第268回 鉄道総研月例発表会:信号・情報通信技術に関する最近の研究開発

信号・情報通信技術に関する最近の研究開発

信号・情報技術研究部 部長 土屋 隆司

 鉄道総研では、様々な輸送改善施策や情報通信技術(ICT)を活用した新しいシステム等の性能、安全性・信頼性、費用対効果を適切に評価するための技術開発に力を入れている。本発表では、輸送サービス・輸送計画・運転設備等を評価するための列車運行・旅客行動シミュレータや列車制御用無線通信ネットワークを評価する技術を中心に最近の研究開発成果を紹介する。


列車ダイヤの頑健性向上に関する検討

信号・情報技術研究部 運転システム研究室 室長 坂口 隆

 大都市圏のラッシュ時間帯においては、混雑に伴う慢性的な列車運行遅延が発生している路線が少なくない。そこで、輸送力をできるだけ維持しつつ混雑による遅延の波及や増幅が生じにくい頑健な列車ダイヤについての検討ツールを開発した。本ツールでは、確率モデルに基づいて遅延現象を繰り返しシミュレーションし、遅延が波及しやすい個所を可視化する。これによりダイヤ変更前後の遅延状況の変化を視覚的に把握できる。本発表ではその概要を紹介し、モデル線区での検討結果について報告する。


輸送障害時における旅客流動データの分析手法

信号・情報技術研究部 運転システム研究室 副主任研究員 國松 武俊

 人身事故等の輸送障害発生時には、迂回、運転再開待ち等、各区間における利用者の動向を適切に把握し、それらに合致した運転整理を行う必要がある。本研究では、実際の列車運行に伴い日々収集される実績運行時刻データ、乗車率データを用い、運転整理に対する利用者の動向を可視化する手法を考案した。また、過去の輸送障害時のデータをもとに、輸送障害時の旅客流動を予測するモデルも開発したので、可視化手法と予測モデルについて紹介する。


駅における鉄道とバスの乗継利便性評価モデル

信号・情報技術研究部 交通計画研究室 研究員 鈴木 崇正

 バスは、駅と出発地・目的地とを結ぶ鉄道にとって重要な交通手段の一つであるが、その乗継には歩行や段差、道路横断など、様々な移動抵抗が存在する。その解消は乗継行動のみならず鉄道利用全体の利便性向上に資すると考えられるが、必ずしも十分な研究がなされていない。そこで、本研究では、乗継経路の物理的特徴に着目し、鉄道とバスの乗継利用者が感知する乗継移動抵抗を定量化し、その移動抵抗から各乗継経路の利便性を評価するモデルを開発したので紹介する。
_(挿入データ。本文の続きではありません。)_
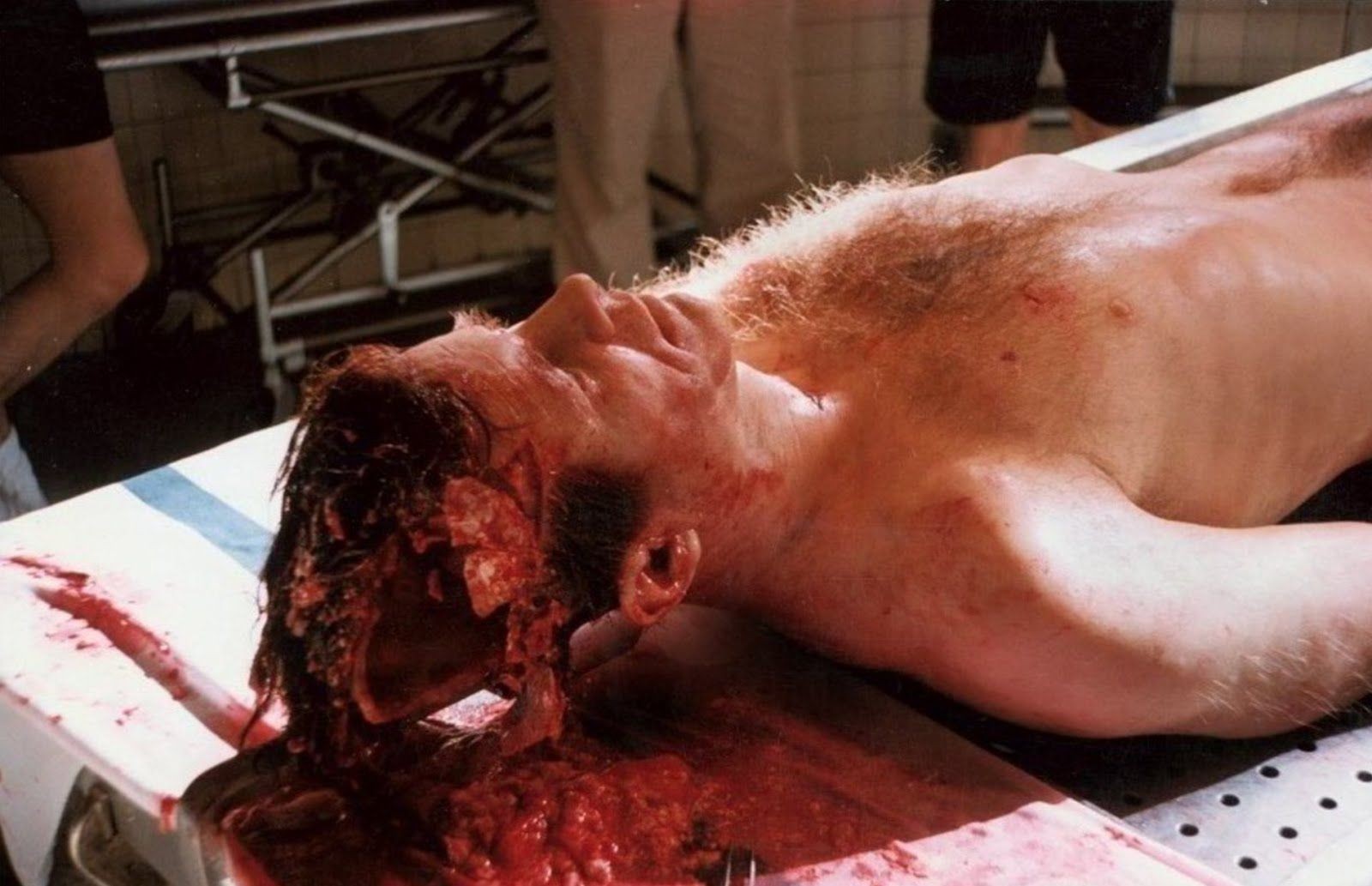 John F. Kennedy autopsy on November 22, 1963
設備監視のための無線センサネットワーク導入手法の提案

信号・情報技術研究部 ネットワーク・通信研究室 副主任研究員 羽田 明生

 近年、無線センサネットワークを活用した設備状態監視システムが注目されている。設備状態監視を目的とした無線センサネットワークは、長期的な運用が想定されるため、経済性や信頼性を勘案して効率的に導入することが求められる。そこで低コスト化を目的に、無線機の基本性能と現場環境を考慮して設計されたネットワーキング案に従い無線センサネットワークを導入する手法を開発したので、その概要を紹介する。


車上画像認識技術を用いた特殊信号発光機の視認確認手法

信号・情報技術研究部 信号システム研究室 副主任研究員 長峯 望

 特殊信号発光機は異常時のみ信号を現示するため、運転時間帯に検査することが困難である。現在は膨大な設置数を夜間に人手によって検査しているうえ、確認地点からの連続視認が確保されていない。そこで、車上で効率的・連続的かつ定量的に視認確認するために、近赤外線LEDと画像認識技術を用いた視認確認手法を開発し、現車試験によって有効性を確認したのでその概要を報告する。


速度発電機と慣性センサを併用した高精度列車位置検知システム

信号・情報技術研究部 列車制御研究室 研究員 祇園 昭宏

 鉄道の安全性・信頼性の向上を目的とした知能列車と呼ぶシステムの開発を進めている。このようなシステムにおいて、リスクを車上で判断して列車を安全に制御するためには、高い車上位置検知精度が求められる。速度発電機と慣性センサを併用することにより滑走や空転を検知・補正し、曲率や勾配の変化を捉えて絶対位置を検知する複合型の位置検知手法を開発したので報告する。


信号制御装置の統合論理設計のシステム化手法

信号・情報技術研究部 列車制御研究室 主任研究員 関根 俊

 信号装置には、連動装置、ATS制御装置、踏切制御装置などがあるが、線路配線や信号設備の設置に応じて装置個別の論理設計が必要である。これまでに、連動装置の論理設計(連動図表)を支援するシステムを開発し実用化した。一方、ATSや踏切の論理設計は、連動図表に基づいて行うため、単独の設計システムとするよりも、連動図表を基盤として統合的に設計できるようにすることで、飛躍的に効率性が向上する。そこで、統合論理設計のための基礎検討を行い、試作システムを製作したので、その概要を紹介する。